AI has the potential to replace data scientists, but is it going to?
Artificial Intelligence is changing our lives more and more day by day. At this point, it is. "intelligent" enough, that people start wondering whether it will replace humans or not. Whether it can do it, depends on many different factors, and of course, on the kind of job, some jobs being easier to replace than others.
At first, we thought that AI was going to replace the easiest jobs, the manual, repetitive, or simple tasks, but as it turned out, it's going to replace jobs that require creativity faster, like designers, writers, movie makers, etc.
InsightBase is an AI-driven analytics and Business Intelligence service, and we see how AI is impacting data scientists every day. We believe that AI will not replace data scientists any time soon, and here's why.

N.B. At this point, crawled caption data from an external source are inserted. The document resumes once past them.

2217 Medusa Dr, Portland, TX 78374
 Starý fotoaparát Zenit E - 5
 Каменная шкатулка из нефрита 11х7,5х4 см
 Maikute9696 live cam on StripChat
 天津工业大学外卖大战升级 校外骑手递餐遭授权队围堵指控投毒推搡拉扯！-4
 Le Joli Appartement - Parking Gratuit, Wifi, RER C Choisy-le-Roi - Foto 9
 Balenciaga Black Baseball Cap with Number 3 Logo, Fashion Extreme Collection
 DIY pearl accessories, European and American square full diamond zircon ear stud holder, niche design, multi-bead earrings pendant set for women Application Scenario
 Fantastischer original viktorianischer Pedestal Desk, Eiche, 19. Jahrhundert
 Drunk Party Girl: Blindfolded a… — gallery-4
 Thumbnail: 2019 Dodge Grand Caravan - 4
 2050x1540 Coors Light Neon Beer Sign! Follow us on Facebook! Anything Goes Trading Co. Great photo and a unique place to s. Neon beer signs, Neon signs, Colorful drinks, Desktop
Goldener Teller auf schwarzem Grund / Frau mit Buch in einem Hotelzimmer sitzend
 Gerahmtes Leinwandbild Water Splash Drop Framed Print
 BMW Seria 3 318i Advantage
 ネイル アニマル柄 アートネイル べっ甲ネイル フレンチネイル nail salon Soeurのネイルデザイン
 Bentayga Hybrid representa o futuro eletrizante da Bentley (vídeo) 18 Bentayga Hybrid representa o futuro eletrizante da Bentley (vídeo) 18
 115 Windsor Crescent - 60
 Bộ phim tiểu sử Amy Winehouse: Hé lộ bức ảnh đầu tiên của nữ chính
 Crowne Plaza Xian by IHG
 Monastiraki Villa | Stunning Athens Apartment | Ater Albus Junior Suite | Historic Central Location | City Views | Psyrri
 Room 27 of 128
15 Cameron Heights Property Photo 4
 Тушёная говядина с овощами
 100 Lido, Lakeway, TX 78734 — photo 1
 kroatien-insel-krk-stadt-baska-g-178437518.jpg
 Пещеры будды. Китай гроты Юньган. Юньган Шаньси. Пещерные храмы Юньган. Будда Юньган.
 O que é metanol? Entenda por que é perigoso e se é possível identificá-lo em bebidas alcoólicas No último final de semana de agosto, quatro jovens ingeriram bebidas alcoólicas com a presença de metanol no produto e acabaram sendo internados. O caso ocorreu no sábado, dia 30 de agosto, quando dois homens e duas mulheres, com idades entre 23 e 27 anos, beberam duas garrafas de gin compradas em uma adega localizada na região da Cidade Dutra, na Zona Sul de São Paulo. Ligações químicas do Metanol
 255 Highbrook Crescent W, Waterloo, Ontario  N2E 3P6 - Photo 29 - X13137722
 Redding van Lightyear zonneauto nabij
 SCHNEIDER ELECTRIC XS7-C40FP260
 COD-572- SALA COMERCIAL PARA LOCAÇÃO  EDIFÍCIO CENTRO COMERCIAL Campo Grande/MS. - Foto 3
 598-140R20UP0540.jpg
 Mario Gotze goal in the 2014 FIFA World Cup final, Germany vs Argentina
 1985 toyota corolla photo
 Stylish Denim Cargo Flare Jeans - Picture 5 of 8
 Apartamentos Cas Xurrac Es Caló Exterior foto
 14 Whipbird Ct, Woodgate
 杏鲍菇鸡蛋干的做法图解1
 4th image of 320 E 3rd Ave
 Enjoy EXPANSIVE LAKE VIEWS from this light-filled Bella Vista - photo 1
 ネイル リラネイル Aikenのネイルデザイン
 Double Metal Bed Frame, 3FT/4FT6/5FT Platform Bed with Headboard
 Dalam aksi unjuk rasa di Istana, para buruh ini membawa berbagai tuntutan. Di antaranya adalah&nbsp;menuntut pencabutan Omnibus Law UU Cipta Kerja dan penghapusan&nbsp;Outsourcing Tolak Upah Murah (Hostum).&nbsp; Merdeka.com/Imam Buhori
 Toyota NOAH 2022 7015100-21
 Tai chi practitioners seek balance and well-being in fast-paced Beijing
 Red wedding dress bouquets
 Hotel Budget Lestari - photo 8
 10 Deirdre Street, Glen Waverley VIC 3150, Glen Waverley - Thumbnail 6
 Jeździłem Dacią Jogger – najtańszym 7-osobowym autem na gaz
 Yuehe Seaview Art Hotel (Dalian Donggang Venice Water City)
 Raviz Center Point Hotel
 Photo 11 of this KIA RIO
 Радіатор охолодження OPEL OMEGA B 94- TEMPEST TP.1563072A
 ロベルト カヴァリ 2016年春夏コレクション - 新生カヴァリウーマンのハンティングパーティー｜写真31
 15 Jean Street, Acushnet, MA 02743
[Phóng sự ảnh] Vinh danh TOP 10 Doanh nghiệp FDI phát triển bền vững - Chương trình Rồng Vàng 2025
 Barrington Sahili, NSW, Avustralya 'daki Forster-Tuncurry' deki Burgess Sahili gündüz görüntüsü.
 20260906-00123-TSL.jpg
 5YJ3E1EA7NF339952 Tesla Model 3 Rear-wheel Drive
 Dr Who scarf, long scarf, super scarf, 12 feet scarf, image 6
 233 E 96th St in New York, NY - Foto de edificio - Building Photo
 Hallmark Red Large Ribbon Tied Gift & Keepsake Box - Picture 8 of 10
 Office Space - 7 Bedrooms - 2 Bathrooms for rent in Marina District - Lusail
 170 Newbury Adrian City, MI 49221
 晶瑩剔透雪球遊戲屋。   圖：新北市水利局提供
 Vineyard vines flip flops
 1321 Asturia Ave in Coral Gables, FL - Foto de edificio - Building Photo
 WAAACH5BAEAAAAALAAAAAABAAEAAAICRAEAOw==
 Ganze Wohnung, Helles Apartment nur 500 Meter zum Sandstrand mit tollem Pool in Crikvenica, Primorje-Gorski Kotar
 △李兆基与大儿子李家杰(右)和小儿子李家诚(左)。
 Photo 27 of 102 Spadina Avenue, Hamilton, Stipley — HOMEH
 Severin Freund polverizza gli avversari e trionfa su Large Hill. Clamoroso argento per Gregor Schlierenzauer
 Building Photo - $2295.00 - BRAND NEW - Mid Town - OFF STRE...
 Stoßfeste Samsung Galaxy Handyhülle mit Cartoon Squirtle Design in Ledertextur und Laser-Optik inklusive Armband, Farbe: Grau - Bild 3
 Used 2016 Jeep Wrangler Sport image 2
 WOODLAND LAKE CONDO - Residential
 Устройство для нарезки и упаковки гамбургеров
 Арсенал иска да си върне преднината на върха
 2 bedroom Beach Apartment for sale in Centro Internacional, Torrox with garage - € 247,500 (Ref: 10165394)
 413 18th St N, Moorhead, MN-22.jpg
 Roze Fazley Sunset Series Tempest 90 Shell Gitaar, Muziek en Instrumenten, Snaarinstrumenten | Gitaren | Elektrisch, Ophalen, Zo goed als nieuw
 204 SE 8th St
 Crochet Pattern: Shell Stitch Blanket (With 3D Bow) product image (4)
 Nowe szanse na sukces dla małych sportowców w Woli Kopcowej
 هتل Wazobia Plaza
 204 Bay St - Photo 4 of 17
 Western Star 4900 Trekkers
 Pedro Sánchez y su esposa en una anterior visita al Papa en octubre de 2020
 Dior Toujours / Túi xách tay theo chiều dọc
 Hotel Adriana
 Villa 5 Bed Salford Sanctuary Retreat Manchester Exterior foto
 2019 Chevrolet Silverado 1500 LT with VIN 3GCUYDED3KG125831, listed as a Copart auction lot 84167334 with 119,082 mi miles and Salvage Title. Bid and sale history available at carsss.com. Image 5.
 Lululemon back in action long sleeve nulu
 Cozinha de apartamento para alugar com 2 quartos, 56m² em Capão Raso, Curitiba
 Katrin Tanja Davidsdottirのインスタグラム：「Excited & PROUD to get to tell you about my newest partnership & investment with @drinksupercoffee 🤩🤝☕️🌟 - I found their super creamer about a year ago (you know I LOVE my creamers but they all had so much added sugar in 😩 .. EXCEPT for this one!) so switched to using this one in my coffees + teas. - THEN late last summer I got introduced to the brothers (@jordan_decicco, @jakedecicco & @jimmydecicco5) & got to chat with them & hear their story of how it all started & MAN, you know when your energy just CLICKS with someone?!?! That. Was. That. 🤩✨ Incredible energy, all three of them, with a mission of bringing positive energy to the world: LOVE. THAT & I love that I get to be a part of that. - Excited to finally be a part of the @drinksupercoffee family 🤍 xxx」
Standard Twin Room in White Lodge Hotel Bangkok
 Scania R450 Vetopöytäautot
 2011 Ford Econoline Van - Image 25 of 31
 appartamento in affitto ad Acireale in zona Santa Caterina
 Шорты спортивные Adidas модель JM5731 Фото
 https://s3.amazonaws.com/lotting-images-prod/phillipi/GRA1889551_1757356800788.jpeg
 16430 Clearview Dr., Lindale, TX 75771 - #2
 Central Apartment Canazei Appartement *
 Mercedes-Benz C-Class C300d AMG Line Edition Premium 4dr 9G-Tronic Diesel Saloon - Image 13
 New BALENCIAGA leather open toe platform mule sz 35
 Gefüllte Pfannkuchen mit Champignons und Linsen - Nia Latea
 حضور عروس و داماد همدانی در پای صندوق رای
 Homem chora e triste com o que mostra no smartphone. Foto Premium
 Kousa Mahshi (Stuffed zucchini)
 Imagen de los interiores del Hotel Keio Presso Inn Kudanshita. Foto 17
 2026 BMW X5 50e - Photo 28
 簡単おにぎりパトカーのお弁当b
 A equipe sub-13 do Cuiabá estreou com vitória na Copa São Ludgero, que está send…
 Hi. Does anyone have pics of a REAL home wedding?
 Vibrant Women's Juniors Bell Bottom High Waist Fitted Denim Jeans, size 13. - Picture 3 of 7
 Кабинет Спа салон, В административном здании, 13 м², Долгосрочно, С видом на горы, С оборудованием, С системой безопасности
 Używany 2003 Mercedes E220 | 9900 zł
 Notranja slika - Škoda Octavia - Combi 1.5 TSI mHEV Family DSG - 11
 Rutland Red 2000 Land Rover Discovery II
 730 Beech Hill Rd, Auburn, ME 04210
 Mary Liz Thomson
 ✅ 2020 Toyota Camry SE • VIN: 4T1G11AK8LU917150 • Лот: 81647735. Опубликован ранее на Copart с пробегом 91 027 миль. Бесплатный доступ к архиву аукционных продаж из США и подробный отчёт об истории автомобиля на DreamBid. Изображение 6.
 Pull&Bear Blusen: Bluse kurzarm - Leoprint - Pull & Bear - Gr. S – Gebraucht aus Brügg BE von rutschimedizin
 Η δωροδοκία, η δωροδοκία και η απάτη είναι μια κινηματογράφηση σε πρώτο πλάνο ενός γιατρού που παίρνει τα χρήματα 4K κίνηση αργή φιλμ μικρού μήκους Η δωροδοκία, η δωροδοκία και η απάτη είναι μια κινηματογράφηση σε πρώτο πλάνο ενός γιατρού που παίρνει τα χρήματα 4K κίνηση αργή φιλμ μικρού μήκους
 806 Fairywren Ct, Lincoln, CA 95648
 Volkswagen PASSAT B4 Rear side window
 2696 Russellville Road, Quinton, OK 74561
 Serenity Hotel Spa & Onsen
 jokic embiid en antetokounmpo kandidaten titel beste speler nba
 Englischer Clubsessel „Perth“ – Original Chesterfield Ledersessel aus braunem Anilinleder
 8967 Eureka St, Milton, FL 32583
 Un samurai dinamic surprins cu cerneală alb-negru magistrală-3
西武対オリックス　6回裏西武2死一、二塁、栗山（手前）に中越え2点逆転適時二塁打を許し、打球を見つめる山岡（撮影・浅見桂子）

Having access to all the data is a prerequisite for analyzing it. We live in a data-rich world, but not in a data-organized world. Companies use a lot of different tools, and most of them are hosting the data in their own systems, which more often than not, are closed, and accessing the data is sometimes simply impossible. Part of the data scientists' jobs is to actually unify the data into a single system in order to analyze it more easily. The AI does not have easy access to all those systems, and so can't perform the same tasks as a data scientist.
Not only is it not organized well, but it's also messy. It can be corrupt - not contain all the information, or it could have missing bits or unnecessary information. Another part of a data scientist's job is to clean up the data and remove the noise, for better analysis. AI could possibly help here, but not without human interaction, because it doesn't know what's right and what's wrong, which information is important, and which information can be ignored.
Understanding the data is a major requirement for analyzing it. AI systems can make some sense of some data, but their ability to do it fades down as the complexity grows. Complex systems require a deep understanding of the business, data collection methods, system architecture, etc.,We don't have yet an advanced enough AI to make sense of it.
We think that while AI can't replace data scientists, it can at least double their productivity. If you're a data scientist, keep reading to know how AI can help data scientists, and how you can use it in your daily tasks.
Since the AI is pretty creative, you can get some interesting insights and ideas on how to organize the data, including building the underlying architecture for the data. It can suggest tools, tactics, or services that you can leverage for this, and it's pretty good at doing it.
At InsightBase, an AI-driven analysis and Business Intelligence tool, we use AI to help everyone easily analyze their data. Data scientists can use AI to "chat with their data". They can ask a wide range of questions, and get answers in just a few seconds. This is however not enough always, since the AI can sometimes return bad results, and this is why we're giving our users the flexibility to edit the queries provided by the AI so that they can get the results they need.
We also use AI to make sense of the database schema, understand what it is about, analyze the data, as well as create the right visualizations for user queries. If you don't want to use InsightBase, then you can do the same tasks, but not as easy, by breaking them down and feeding them into ChatGPT or other LLMs.
This is a very popular use case for AI and it's used quite often by software developers, and it can be used by data scientists as well.
We believe that AI won't replace data scientists, instead, it will help them increase their productivity by helping with data analysis, data architecture, code generation, etc.